Marc Ian Barasch’s “Field Notes on the Compassionate Life: A Search for the Soul of Kindness” is NOT a self-help book that relies on lots of list-making and end-of-chapter exercises in an attempt to teach you how to live a more tenderhearted and benevolent existence.
In fact, Barasch, a former editor of Psychology Today, Natural Health, and New Age Journal, has put together a thought-provoking book that somehow manages to inspire the reader to be more compassionate but does so without the traditional self-help approach.
Barasch’s presentation probably does more justice to the topic of compassion that a self-help book ever could.
Interesting historical tidbits of cultural, scientific, and spiritual information pertaining to such topics as altruism, empathy, and forgiveness are gracefully interwoven with the latest research findings, current events, and modern-day philosophies.
Quotes from the well-known likes of the Dalai Lama right on down to the infamous-in-his-own-right Ivan Simpson, a murderer and rapist locked-up for life in the Telfair State Prison in Georgia, are added to the mix in just the proper dosage to keep their message relevant. However, this book is more than just the spewing of facts and citations; this is an actual journey.
Barasch’s “circle of compassion” field trip takes the reader along on an adventure that begins with meetings with bonobo research monkeys in Georgia and that nears its completion with a conversation with a twelve-hundred-word-speaking Congo African gray parrot that lives in an apartment in Harlem. Along the way, numerous enlightening side-trips are taken; one to the Institute of HeartMath in the northern California hills, which demonstrates that the heart really can and often does rule the mind, and another to the Institute of Noetic Sciences in Petaluma, California, which works to reveal a deeper meaning to the “you in me, me in you” connection that we can potentially share.
During the on-the-road explorations, insight is gained into the world of highly empathic children suffering from Williams’ syndrome, as well as the homeless souls living on the streets of Denver–Barasch willingly being one of them. Organ donors who have scattered parts of themselves throughout the country are encountered, as are Palestinian and Israeli youth joined together in New Jersey as part of the Building Bridges for Peace program.
New York City residents who banded together after the collapse of the Twin Towers share their thoughts, as does the father of an adopted girl who forgave and built a lasting friendship with the man who killed his precious child. The journey finally concludes at the Search for Extraterrestrial Intelligence in Mountain View, California.
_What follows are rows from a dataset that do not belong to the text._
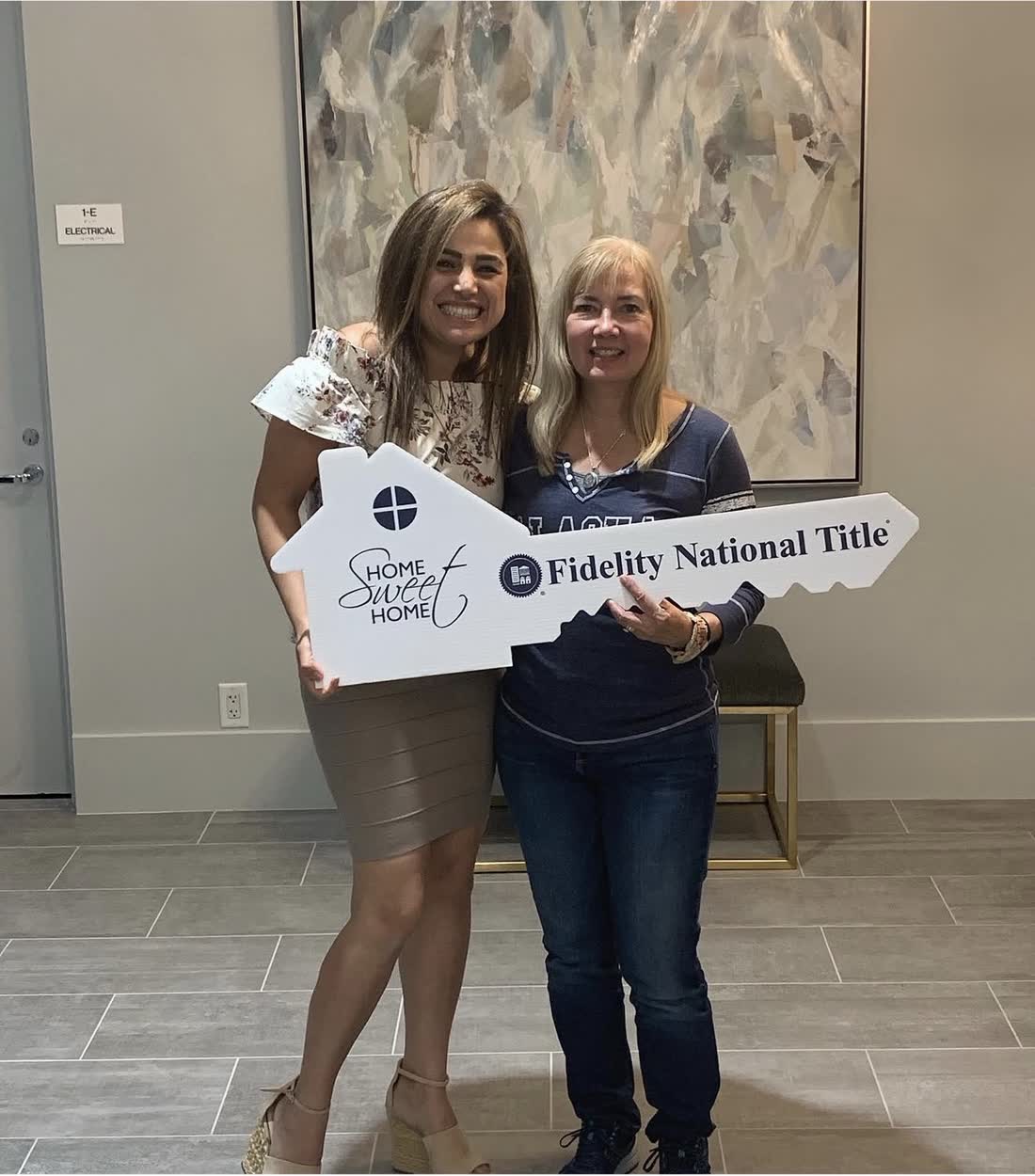 A closing day with Sunny's clients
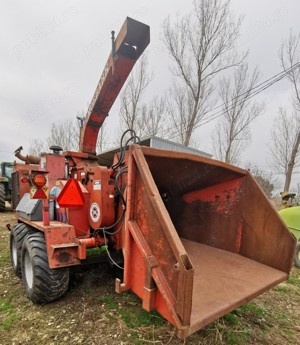 Tocător Lemn MORBARK Hurricane 2400XL - imagine 3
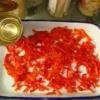 Canned Sweet Red Pepper Strips
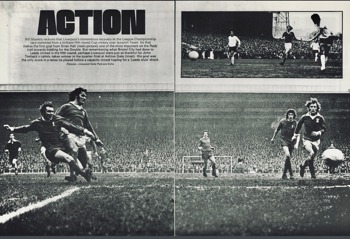 Match programme article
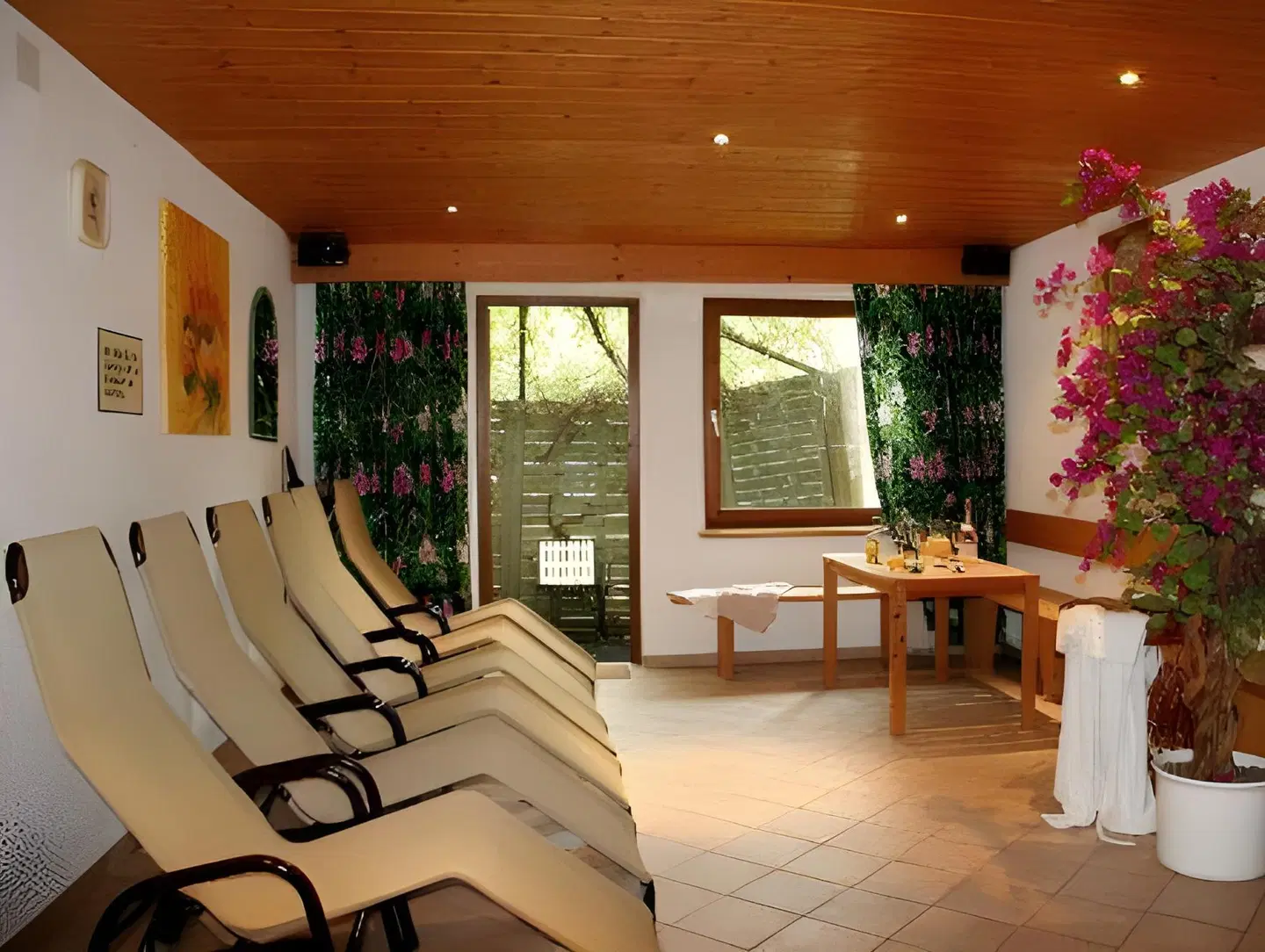 Pension Andreas Terrasse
Those who trek alongside Barasch will be allowed access to his unique concepts. He “can’t help seeing the world in Primatevision…Humanity’s shenanigans do suddenly look an awful lot like the Planet of the Apes…How many of [our] little daily transactions are tainted by trying to maximize rank, secure a better food supply, and maneuver for breeding privileges? How many are out of pure human generosity, compassion, and sensitivity to others?” He worries about “our evolutionary juncture…extending our right hand to each other while the left is still at each other’s throats.”
He questions, “…do we only have a fixed quota of loving to allocate between family and the world at large so that if one receives more, the other gets less?…does altruism leave less room for ordinary affection?…from what source does altruism spring?” Perhaps less of a pondering and more of a realization, he wonders, “Can something as simple as listening and being heard liberate the world? And would it be too much to agree, once and for all, that the heart is the country to which we all belong, and love the only state we owe our allegiance?”
He believes that “unresolved emotional pain is the great contagion of our time–of all time” and that “if we really want to heal our world, we’d better find an antidote beyond the topical remedies of truces and treaties.” Perhaps unknowingly, the solution he seeks comes in the form of his own proposed Platinum Rule that declares, “Do unto others as they would like to be done unto.”
By viewing compassion from the level of our primate cousins, to interactions between like-minded souls, as well as opposing cultures, and on into the galaxy, we become aware of the fact that the “circle of compassion” spirals ever outwards. From the bonobo-related theory of the “survival of the kindest” to the Jewish wisdom of “be kind, for everyone you meet is fighting a great battle,” we are reminded, “Compassion is not a gift, but a path.”
You can begin your journey along such a path by spending time with Marc Ian Barasch while he gathers his “Field Notes on the Compassionate Life: A Search for the Soul of Kindness.”